— TRY IT —
A word-for-word copy of the lines below, starting at the line with "We can also" and ending at the last one, is what you should give. Omit every picture.

— SUPPLIED MATERIAL —
>>>>>
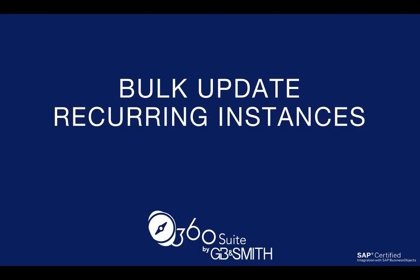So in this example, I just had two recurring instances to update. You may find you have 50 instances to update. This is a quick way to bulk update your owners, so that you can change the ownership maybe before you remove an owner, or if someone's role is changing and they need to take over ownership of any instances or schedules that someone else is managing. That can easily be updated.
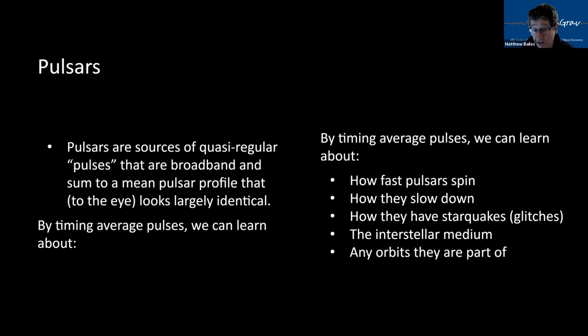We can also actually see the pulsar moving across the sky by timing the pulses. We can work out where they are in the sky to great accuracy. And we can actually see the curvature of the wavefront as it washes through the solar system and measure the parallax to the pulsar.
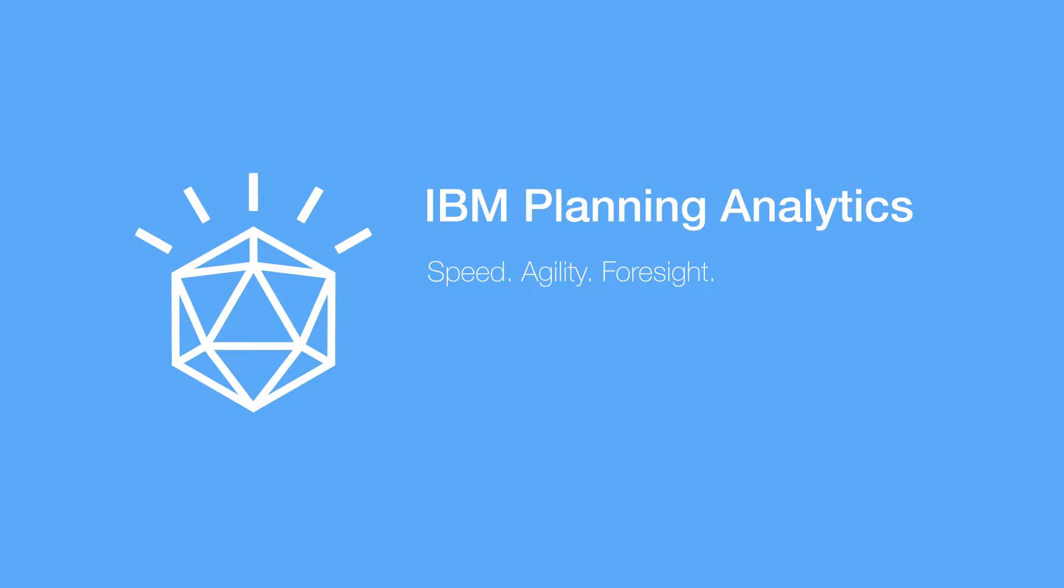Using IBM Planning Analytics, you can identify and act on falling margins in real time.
<<<<<
— ANSWER TO THIS PROBLEM —
We can also actually see the pulsar moving across the sky by timing the pulses. We can work out where they are in the sky to great accuracy. And we can actually see the curvature of the wavefront as it washes through the solar system and measure the parallax to the pulsar.
Using IBM Planning Analytics, you can identify and act on falling margins in real time.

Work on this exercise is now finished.